Before the slump ends, Zandi said, he believes median existing home prices using the Realtors’ measurement will fall 10.4 percent, making this the biggest downturn in terms of prices since the Great Depression of the 1930s, when home prices dropped by about one-third.

Context for slump

Economists stress that the price weakness must be viewed in the context of an unprecedented run-up in prices that occurred during a five-year boom in home sales, a period that some economists believe reflected a speculative bubble that pushed prices well past affordability levels in many parts of the country.

“We had a surge in investor demand, an explosion in the availability of credit and builders who became overly optimistic. All these things came together to whip the market into a frenzy, creating a huge bubble that is now bursting,” Zandi said.
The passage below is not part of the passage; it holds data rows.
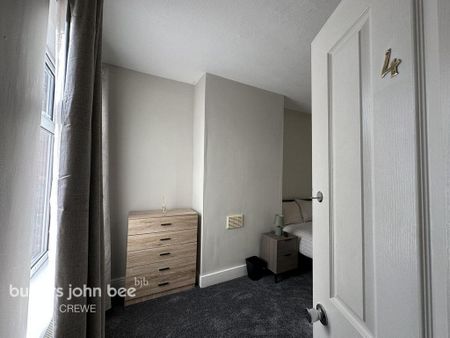 1 bedroom in a house share to rent - Photo 3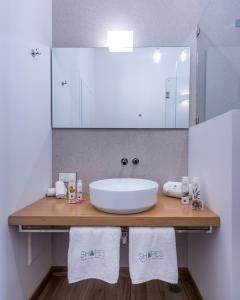 Kúpeľňa v ubytovaní Shapes Luxury Suites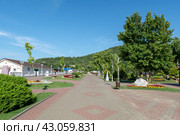 Promenade near the Central beach in Arkhipo-Osipovka (2018 год). Редакционное фото, фотограф Сергей Н / Фотобанк Лори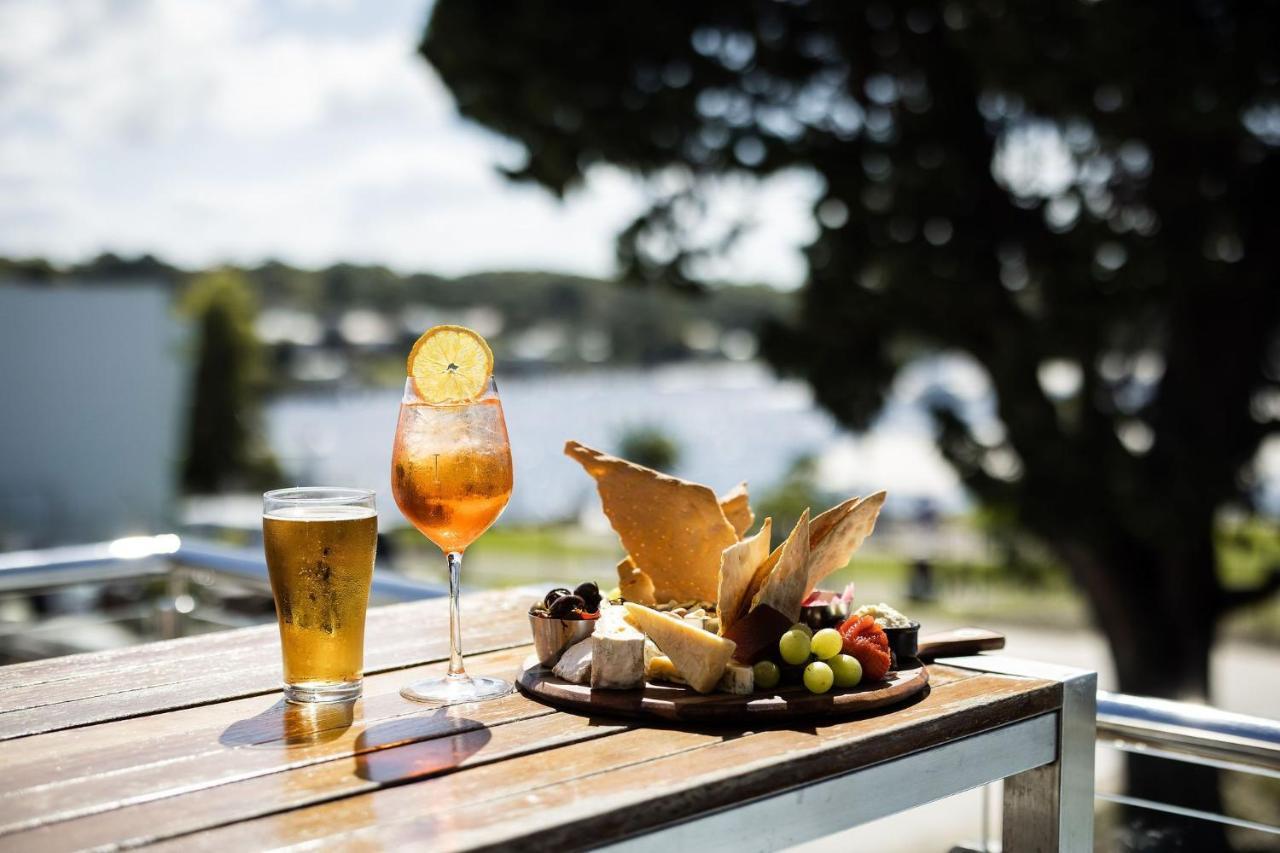 Huskisson Hotel Exterior photo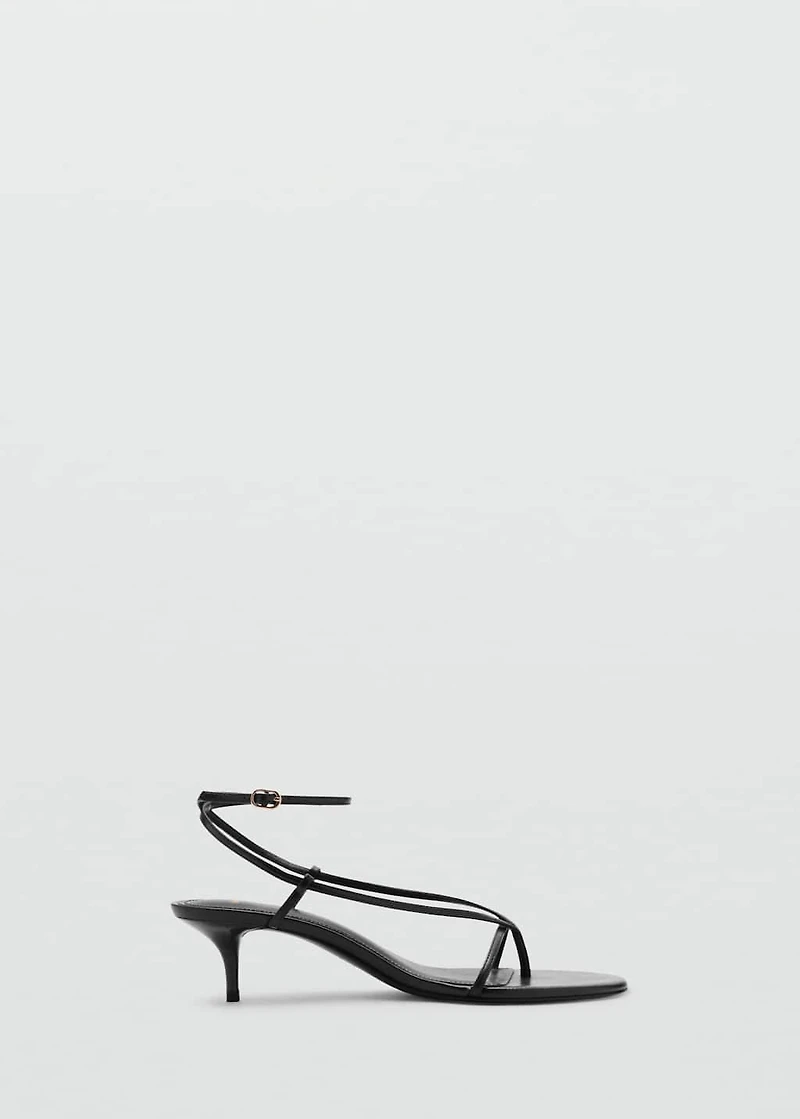 Heeled sandals with thin strap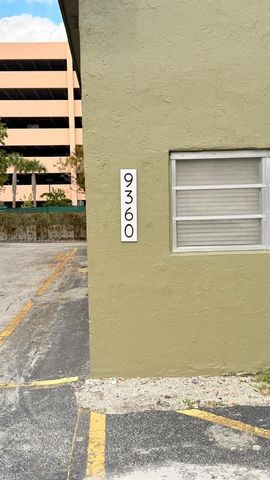 9360 SW 87th Avenue N5, Miami, FL 33176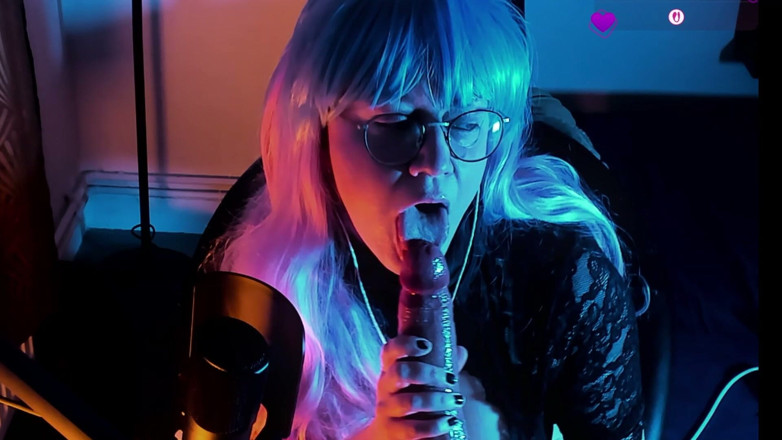 Big Clit Muse: フランスのカムガールがあなたをフェラし、あなたの大きなチンポでプライベートライブショーで抱かせる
In terms of construction, Zandi said he was looking for building activity to drop by 54 percent from the high to the trough this time around. That would compare with a 66 percent plunge in housing construction during the 1980s slump, a period when mortgage rates hit double-digit levels, and a 36 percent fall in construction during the 1990-91 housing downturn.

The current housing slump has definitely meant dark days in the industry. The National Association of Home Builders saw its survey of builder confidence drop to an all-time low in October as builders faced a wave of cancellations of sales contracts brought on by the credit crunch, causing lenders to tighten lending standards.

David Seiders, the home builders’ chief economist, said he believes housing will gradually stabilize in the next year with sales hitting a low-point in the first quarter and then starting to move higher, a development that will help clear out record-high inventories of unsold homes.